Gaddafi-Sohn will mit Aufständischen verhandeln
Während die Situation in Libyen am Samstagmorgen zunächst ruhig blieb, verliert Machthaber Muammar al-Gaddafi offenbar immer weiter an Unterstützung. Die Familie kämpft um die letzten Reste ihrer Macht. Der Sohn des Staatschefs, Saif al-Islam, zeigt sich kompromissbereit: Er kündigte eine Aussetzung der Angriffe auf die Regimegegner und Gespräche mit den Aufständischen an.

"Die Armee hat entscheiden, die Terroristen nicht anzugreifen, um ihnen die Möglichkeit für Verhandlungen zu geben", sagte er am späten Freitagabend in Tripolis. Er hoffe, dass dies am Samstag auf friedlichem Wege möglich sei. Zugleich stellte er die rasche Wiederherstellung der staatlichen Kontrolle in den Gebieten im Osten des Landes in Aussicht.

Vereinzelte Zusammenstöße

Die Zahl der Getreuen des libyschen Staatschefs Muammar al-Gaddafi schrumpft mit jedem Tag offenbar mehr. Am Samstag kontrollierten seine Truppen nur noch wenige größere Städte. Neben der Hauptstadt Tripolis waren dies unter anderem Gadames, Sebha und Gaddafis Heimatstadt Sirte. Nach Angaben von Augenzeugen war es am Samstag früh ruhig in der Hauptstadt nachdem es am Freitagabend zu vereinzelten gewaltsamen Zusammenstößen zwischen Anhängern und Gegnern Gaddafis gekommen war.

Die Gaddafi-Familie hatte zuvor widersprüchliche Signale gegeben. Einmal sprach Muammar al-Gaddafi davon, "das Volk" zu bewaffnen. Sein Sohn Saif al-Islam kündigte eine Offensive im Osten des Landes an, wo die Gaddafi-Truppen keinerlei Präsenz mehr haben. Dann wieder war von "friedlichen Lösungen" und Verhandlungen die Rede.

Oppositionelle veröffentlichten im Internet derweil weitere Videos, auf denen angeblich afrikanische Söldner zu sehen sind, die Demonstranten angegriffen haben sollen. Auf einem dieser Videos ist ein Afrikaner in Uniform zu sehen, der in einer Blutlache am Boden liegt. Einige Libyer verhindern, dass ihn andere Demonstranten lynchen.
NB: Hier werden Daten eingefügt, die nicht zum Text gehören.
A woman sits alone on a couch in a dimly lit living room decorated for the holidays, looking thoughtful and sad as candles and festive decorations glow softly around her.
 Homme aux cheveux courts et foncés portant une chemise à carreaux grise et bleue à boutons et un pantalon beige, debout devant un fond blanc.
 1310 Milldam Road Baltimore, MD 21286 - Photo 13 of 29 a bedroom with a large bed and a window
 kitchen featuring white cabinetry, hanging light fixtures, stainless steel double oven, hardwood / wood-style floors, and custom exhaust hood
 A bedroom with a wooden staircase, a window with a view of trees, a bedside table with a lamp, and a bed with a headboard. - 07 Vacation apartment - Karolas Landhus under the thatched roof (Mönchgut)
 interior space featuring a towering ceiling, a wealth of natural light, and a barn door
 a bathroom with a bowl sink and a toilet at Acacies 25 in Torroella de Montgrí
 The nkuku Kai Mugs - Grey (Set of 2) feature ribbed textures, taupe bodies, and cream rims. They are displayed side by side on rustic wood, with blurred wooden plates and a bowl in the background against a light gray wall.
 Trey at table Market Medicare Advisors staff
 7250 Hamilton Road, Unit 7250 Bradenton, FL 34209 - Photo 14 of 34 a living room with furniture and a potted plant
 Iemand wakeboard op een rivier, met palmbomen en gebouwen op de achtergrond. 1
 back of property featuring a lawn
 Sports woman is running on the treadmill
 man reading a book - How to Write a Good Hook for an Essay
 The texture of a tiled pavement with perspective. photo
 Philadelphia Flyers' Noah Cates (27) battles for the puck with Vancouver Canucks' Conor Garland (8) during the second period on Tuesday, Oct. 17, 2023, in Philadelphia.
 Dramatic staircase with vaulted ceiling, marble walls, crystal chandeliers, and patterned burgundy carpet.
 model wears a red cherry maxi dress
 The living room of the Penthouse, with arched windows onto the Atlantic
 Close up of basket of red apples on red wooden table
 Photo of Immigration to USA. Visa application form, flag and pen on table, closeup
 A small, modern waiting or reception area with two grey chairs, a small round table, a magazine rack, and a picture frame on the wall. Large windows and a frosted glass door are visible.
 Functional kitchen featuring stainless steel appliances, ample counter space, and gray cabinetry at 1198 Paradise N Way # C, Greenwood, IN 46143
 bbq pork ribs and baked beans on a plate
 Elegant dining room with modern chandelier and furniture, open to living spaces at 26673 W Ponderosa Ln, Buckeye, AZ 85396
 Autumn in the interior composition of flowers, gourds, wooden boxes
Verbarrikadiert sich der Gaddafi-Clan?

In den vergangenen Tagen hatten sich noch weitere Weggefährten Gaddafis von ihm losgesagt. Unter ihnen sind Ahmed Gaddaf al-Dam, ein Cousin des libyschen Staatschefs, und Abdulrahman Schalgam, der Botschafter Libyens bei den Vereinten Nationen in New York. Beobachter in Tripolis halten es für möglich, dass sich der Gaddafi-Clan jetzt in der Hauptstadt verbarrikadieren wird. "Das könnte sich noch lange hinziehen", sagte ein Beobachter.

Unterdessen verhängten die USA Sanktionen gegen die libysche Führung. Die Strafmaßnahmen richteten sich gegen das Regime von Staatschef Gaddafi, nicht gegen das libysche Volk, erklärte Präsident Barack Obama am Freitagabend in Washington. Auf Anordnung des Präsidenten sollen die Vermögen der Führungsriege um Gaddafi eingefroren werden, auch die der Kinder des Staatschefs und aller Personen, die an Menschenrechtsverstößen gegen Regierungsgegner beteiligt waren. Die UN wollten noch am Samstag Strafmaßnahmen beschließen. Die EU verständigte sich prinzipiell auf ein Sanktionspaket.